Structural racism continues to impact psychiatry, from the workings of the American Psychiatric Association to the field as a whole, according to a presenter at the APA annual meeting.

“As a microcosm, which I consider APA to be of this larger country and world, the struggles around race are really just a mirror image of what is happening around us,” Cynthia Turner-Graham, MD, DFAPA, an adult psychiatrist with a practice in Maryland, said during a presentation. “As psychiatrists, it requires no convincing that the past indeed drives the present, and we have an opportunity to model for the world around us how to wrestle and grapple with these hard issues to collectively create substantive and sustainable change, to demonstrate how recognizing and embracing the value of those identified as other can enrich and expand the range of options and possibilities wherever diverse persons are gathered.”

According to Turner-Graham, the APA has made some gains regarding structural barriers that have been identified over time. She noted that some of the most “recalcitrant” elements of the organization continue to resist change but expressed optimism that the APA Presidential Task Force to Address Structural Racism Throughout Psychiatry will offer an opportunity to address some of these elements.

Turner-Graham referenced an article written in 1970, entitled “Dimensions of Institutional Racism in Psychiatry,” and noted that although 50 years have passed since it was published, similarities remain between what was occurring then and the current practice of psychiatry, the environments in which it is practiced and the places where psychiatrists are educated.
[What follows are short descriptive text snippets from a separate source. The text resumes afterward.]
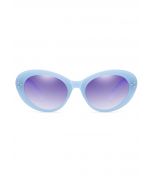 Gafas de sol estilo ojo de gato retro con borde completo en azul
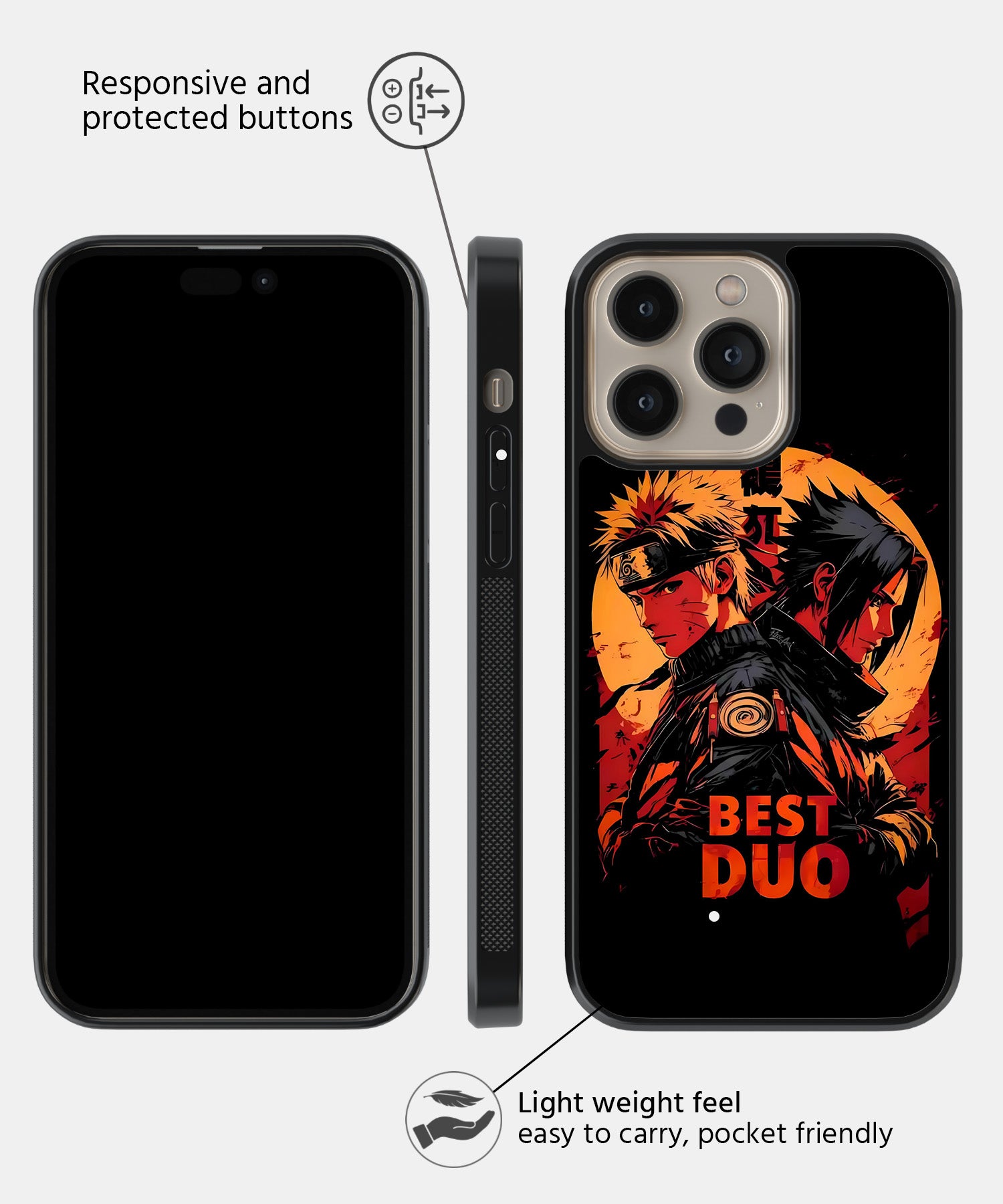 Naruto Sasuke Best Duo Mobile Back Cover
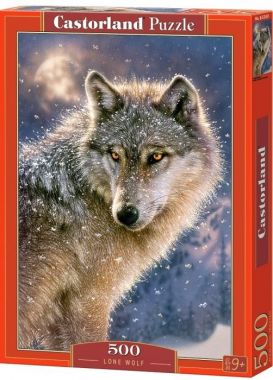 Puzzle 500 dílků - Osamělý vlk
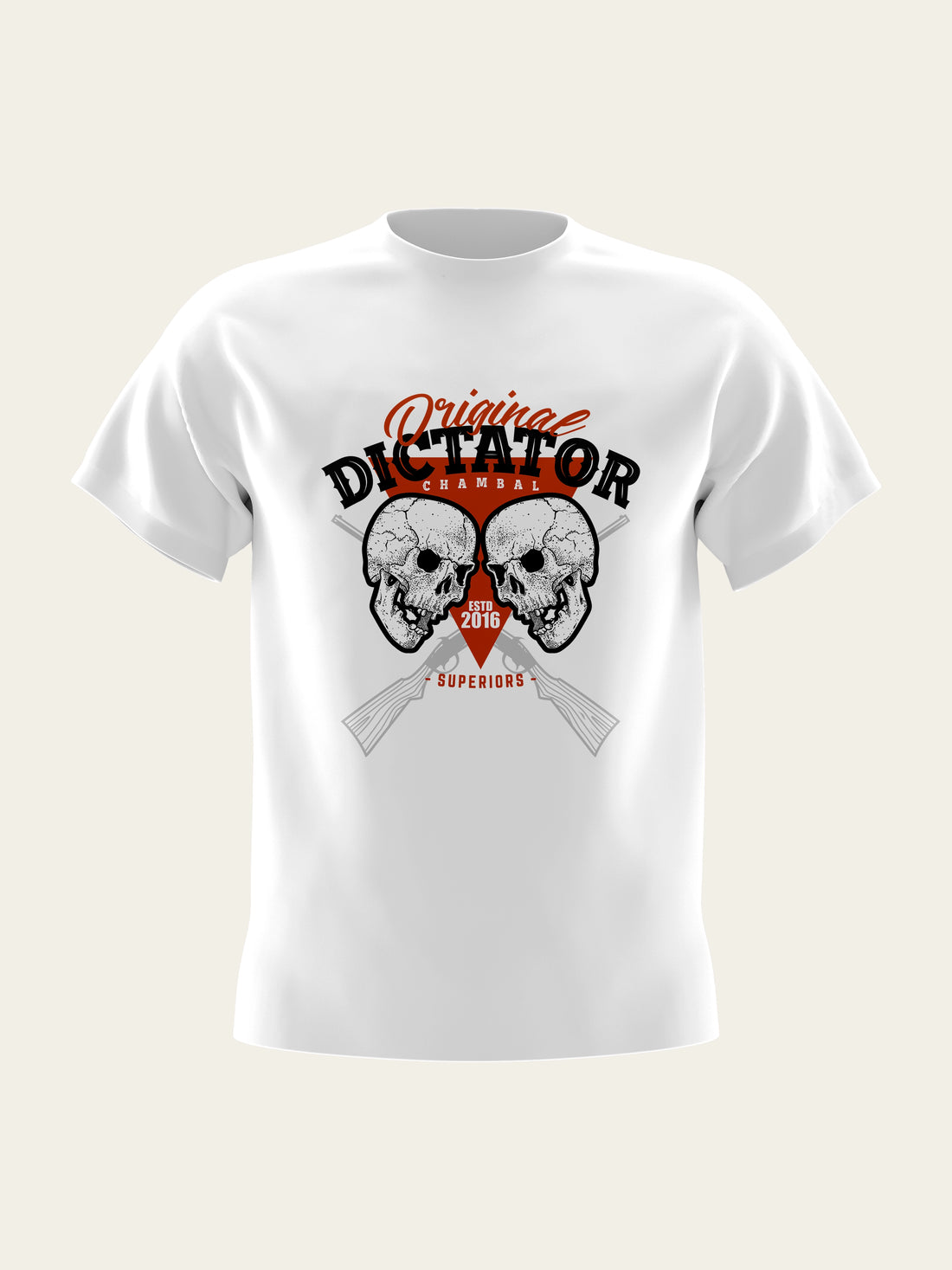 Original Dictator Round Neck T-Shirt The Chambal®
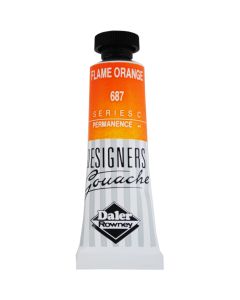 Daler Rowney Designers Gouache Paint 15ml Series C Flame Orange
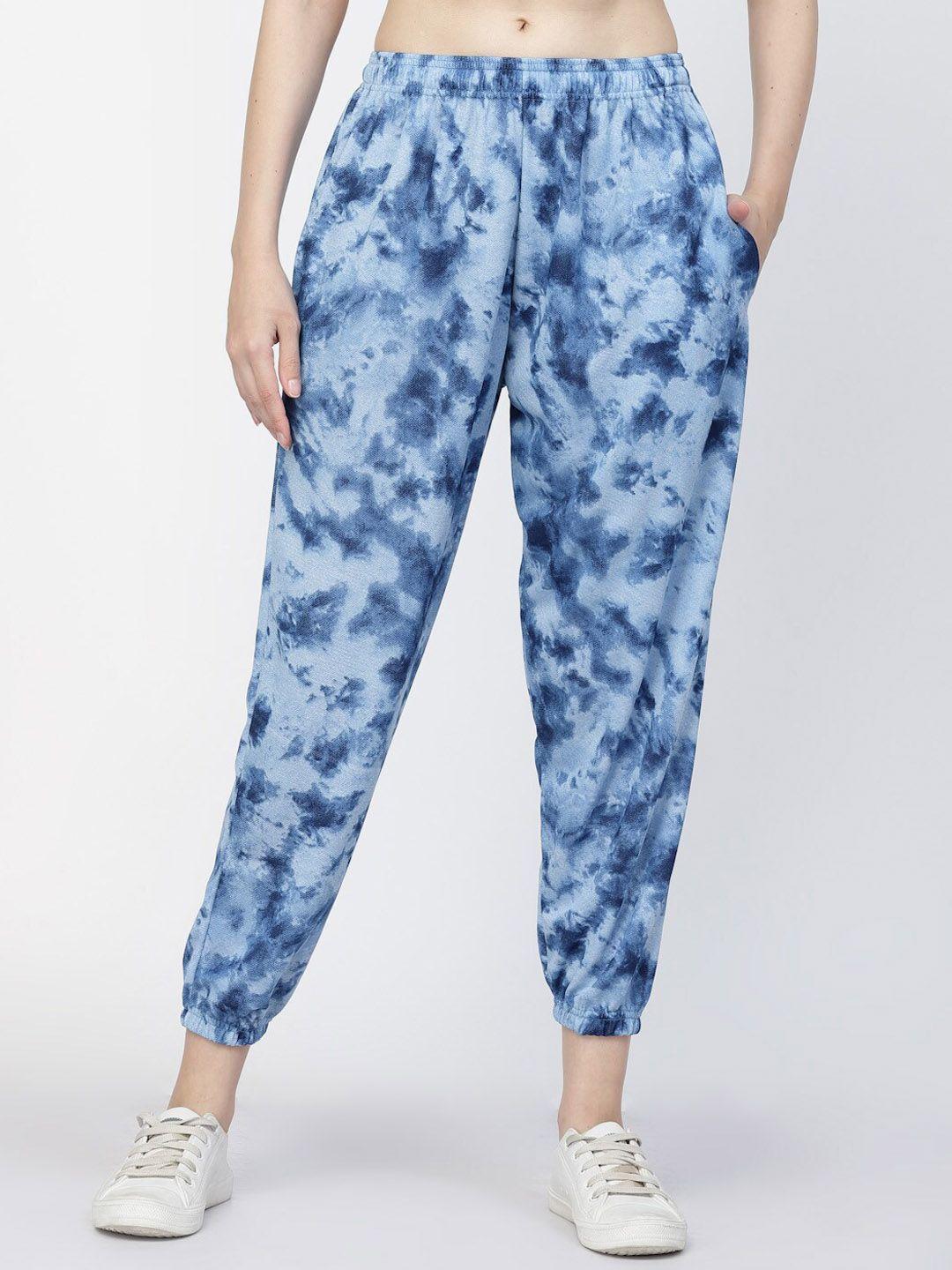uzarus women abstract printed relaxed fit joggers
“If there is to be substantive and sustainable change around issues of structural racism, it will require a radical departure from our current approaches, which first and foremost must include an individual, person-by-person reckoning within their and our own selves, to understand what we are bringing to the table,” Turner-Graham said. “I want to invite you to do your own work, to look closely at the stories and the experiences that you have had and that inform your current decisions and choices and behavior.”

Reference:

Turner-Graham C. Structural racism in psychiatry: The past is driving the present. Presented at: American Psychiatric Association Annual Meeting; May 1-3, 2021 (virtual meeting).